Entertainment

Kate Mulgrew and Kathleen Chalfant brilliantly negotiate the verbal twists of ‘Somewhere Fun’

Like old-fashioned dramas, the new “Somewhere Fun” is staged in three acts with two intermissions. It also boasts two charismatic powerhouses in the leads: Kathleen Chalfant and Kate Mulgrew — the first best known for “Wit,” the second for TV’s “Star Trek: Voyager.”

But those are the only traditional elements about the disconcerting show that opened last night at the Vineyard.

Nominally, it’s about the brief reunion of two women who haven’t seen each other in a long time; we also meet some of their offspring and friends. Also, there’s a mysterious death.

But playwright Jenny Schwartz isn’t interested in telling a linear story. In fact, she’s not interested in telling a nonlinear story, either. Still, as long as you don’t work yourself up into a lather trying to make sense of it, the show casts a charming spell.

As in 2007’s “God’s Ear” — directed, like this one, by Anne Kauffman — “Somewhere Fun” is built on short scenes linked by word associations and surreal humor.

Like Edward Albee and comedian Steven Wright, Schwartz loves to use language in an absurd way. Here her riffs often start from common expressions and catchphrases like “There’s no place like home” or “Laughter is the best medicine” — “second only to morphine,” a character specifies. “And oxycodone.”

The entire cast is good but the two stars are a notch above, negotiating the highly stylized dialogue like chefs briskly filleting sentences with sharp knives.

Mulgrew plays Rosemary Rappaport, an Upper East Side real-estate VP who runs into an old friend, Evelyn Armstrong (Chalfant).

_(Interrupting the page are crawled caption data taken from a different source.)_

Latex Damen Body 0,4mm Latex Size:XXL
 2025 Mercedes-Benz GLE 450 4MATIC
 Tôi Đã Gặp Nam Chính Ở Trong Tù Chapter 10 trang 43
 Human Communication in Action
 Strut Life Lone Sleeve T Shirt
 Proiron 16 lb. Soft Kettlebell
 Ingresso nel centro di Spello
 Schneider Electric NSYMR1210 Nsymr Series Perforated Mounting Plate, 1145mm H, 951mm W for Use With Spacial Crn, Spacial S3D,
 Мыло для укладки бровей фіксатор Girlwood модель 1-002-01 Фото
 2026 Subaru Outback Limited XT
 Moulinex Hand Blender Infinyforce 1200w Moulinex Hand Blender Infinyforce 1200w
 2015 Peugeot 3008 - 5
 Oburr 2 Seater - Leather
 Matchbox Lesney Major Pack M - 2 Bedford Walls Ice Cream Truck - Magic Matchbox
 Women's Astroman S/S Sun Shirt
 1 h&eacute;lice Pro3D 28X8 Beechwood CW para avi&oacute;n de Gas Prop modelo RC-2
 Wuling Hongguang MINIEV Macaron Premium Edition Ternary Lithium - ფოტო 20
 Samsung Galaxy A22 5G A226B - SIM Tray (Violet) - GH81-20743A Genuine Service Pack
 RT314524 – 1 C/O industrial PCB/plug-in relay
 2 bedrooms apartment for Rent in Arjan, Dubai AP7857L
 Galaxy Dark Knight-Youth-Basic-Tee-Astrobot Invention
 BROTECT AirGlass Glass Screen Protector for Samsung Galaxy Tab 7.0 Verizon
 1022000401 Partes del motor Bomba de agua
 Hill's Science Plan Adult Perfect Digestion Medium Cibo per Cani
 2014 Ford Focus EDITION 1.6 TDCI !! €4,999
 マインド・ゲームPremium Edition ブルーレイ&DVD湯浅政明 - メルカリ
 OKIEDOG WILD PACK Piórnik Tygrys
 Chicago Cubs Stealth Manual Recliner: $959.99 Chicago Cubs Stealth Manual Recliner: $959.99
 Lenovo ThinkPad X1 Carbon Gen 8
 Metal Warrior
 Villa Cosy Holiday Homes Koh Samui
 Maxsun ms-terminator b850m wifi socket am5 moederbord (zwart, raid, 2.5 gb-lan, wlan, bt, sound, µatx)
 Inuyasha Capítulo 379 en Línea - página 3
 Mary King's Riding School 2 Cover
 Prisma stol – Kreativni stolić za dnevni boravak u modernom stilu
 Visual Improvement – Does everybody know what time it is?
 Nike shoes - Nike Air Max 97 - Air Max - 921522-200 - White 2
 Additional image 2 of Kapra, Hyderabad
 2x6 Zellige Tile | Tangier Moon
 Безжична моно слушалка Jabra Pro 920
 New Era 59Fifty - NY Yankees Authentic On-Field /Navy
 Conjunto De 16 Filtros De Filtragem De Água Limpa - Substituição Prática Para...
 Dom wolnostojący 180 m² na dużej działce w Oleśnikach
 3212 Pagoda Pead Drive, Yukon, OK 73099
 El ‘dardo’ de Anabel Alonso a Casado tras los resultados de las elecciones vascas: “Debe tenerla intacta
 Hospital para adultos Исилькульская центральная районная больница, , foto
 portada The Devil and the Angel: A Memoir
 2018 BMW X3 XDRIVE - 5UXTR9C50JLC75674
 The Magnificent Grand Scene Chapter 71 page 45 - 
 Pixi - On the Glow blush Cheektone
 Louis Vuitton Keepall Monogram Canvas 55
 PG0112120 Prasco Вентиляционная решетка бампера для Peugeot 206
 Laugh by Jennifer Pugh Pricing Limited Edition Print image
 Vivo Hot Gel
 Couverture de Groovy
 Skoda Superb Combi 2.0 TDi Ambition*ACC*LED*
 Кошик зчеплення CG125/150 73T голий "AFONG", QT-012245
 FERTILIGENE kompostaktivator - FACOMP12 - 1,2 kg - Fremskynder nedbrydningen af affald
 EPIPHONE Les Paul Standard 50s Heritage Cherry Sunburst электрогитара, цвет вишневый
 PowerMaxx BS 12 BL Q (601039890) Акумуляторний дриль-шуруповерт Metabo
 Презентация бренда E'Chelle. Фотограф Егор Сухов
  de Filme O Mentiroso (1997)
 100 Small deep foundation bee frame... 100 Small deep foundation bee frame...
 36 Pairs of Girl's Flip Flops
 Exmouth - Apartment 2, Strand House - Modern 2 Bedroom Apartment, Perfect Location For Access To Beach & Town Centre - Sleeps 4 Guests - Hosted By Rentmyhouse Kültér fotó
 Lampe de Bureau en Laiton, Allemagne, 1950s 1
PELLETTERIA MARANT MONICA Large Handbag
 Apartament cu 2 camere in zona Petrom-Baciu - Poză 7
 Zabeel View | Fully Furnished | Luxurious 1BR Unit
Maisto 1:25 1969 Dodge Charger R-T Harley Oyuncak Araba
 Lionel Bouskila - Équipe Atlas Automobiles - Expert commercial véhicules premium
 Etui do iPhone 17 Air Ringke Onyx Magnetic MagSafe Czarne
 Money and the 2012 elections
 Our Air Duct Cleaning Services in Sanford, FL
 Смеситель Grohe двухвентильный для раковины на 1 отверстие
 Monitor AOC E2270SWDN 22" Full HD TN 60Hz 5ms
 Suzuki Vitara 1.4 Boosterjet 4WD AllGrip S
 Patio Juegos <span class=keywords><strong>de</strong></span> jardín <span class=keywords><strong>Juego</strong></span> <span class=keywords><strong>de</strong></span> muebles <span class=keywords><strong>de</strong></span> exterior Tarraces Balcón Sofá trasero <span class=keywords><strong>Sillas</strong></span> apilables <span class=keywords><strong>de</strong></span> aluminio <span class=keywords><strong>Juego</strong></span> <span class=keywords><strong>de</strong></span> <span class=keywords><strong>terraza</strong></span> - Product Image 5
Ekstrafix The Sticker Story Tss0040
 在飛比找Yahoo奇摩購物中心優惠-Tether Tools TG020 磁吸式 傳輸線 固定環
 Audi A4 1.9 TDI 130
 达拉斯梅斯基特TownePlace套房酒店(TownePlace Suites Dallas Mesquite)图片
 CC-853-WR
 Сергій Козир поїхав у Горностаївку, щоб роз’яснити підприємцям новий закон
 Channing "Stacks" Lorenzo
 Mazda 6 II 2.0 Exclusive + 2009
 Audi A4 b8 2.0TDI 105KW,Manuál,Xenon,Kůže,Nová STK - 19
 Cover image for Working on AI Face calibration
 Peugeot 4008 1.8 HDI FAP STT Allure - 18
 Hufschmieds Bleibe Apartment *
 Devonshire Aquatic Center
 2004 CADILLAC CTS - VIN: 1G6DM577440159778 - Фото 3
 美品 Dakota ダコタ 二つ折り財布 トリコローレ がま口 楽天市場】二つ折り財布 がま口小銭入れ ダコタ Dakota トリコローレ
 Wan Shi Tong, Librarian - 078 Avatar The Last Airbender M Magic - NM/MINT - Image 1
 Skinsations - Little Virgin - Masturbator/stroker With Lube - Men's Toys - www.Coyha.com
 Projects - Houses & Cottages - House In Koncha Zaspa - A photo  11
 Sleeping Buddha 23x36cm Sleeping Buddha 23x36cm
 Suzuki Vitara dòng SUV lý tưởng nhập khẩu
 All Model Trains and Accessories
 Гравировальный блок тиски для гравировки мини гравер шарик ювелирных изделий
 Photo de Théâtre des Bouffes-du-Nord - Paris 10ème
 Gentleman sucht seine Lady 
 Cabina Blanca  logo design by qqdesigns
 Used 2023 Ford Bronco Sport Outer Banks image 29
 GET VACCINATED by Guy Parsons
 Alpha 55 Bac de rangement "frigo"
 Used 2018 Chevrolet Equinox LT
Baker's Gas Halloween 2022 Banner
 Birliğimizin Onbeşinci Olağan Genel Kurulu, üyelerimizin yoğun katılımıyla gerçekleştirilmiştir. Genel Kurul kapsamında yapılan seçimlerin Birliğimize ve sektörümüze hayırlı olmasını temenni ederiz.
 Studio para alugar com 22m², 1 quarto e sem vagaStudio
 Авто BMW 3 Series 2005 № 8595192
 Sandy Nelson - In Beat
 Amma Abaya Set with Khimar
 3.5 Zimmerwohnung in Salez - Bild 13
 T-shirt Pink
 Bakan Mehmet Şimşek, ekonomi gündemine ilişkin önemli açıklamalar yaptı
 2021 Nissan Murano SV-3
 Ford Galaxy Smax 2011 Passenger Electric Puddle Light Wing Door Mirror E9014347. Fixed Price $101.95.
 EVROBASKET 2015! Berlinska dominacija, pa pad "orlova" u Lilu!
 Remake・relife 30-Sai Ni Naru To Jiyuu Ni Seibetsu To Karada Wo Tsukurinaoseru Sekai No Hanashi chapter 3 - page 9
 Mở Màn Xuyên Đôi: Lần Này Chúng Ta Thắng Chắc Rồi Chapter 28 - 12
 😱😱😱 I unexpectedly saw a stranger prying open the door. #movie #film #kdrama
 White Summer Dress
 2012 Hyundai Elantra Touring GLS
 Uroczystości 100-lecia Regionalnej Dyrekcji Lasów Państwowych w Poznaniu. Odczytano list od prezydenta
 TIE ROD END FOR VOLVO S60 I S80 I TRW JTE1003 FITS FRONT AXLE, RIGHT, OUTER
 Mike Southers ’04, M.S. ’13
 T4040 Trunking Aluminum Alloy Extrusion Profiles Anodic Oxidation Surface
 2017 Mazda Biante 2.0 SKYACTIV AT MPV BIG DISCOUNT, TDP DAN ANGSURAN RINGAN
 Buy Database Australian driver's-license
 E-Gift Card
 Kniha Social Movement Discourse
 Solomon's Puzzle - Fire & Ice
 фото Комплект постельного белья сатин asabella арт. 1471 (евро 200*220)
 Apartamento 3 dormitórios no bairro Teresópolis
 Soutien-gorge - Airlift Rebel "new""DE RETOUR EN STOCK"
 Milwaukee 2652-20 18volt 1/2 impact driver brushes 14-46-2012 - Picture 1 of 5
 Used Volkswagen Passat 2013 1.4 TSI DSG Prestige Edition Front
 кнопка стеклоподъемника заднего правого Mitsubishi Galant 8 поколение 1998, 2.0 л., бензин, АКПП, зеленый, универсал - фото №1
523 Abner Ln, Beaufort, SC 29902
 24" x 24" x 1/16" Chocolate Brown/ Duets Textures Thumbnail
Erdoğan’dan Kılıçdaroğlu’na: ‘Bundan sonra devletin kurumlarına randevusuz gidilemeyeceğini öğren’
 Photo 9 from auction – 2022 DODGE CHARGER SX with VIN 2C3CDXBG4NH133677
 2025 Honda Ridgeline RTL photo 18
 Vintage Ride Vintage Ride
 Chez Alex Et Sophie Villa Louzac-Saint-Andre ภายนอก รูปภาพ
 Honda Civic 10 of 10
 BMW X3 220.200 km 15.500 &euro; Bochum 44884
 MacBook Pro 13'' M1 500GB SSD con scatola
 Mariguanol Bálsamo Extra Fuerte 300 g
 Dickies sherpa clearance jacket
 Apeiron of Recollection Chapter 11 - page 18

The encounter is brief, dominated by the agent’s motormouth chatter: “It’s me! Rosemary! Rosemary Rappaport! From a hundred thousand years ago! When the world was in black and white! When the world was in black and white, and I still had a waistline! Remember? Evelyn? Remember my waistline? I was practically Scarlett O’Hara in those days. Scarlett O’Hara? From ‘Gone With the Wind’? No?” And so on.

Evelyn, crumpled in a wheelchair, can’t squeeze in a word. She’ll make up for it later, as we discover her ailment.

“Everything happens for a reason,” she says dryly. “With the exception of anal cancer.”

Death and mortality loom large in “Somewhere Fun,” but Schwartz goes at them from unexpected angles. This is the kind of show where, when a character melts down, the only thing she leaves behind is a puddle of black goo and a skull. Then, stagehands in biohazard clean it up.

This is all surprisingly entertaining, and oddly touching as well. The show may look like an exercise in sterile brain twisters, but in its own warped way, it creates genuine emotion.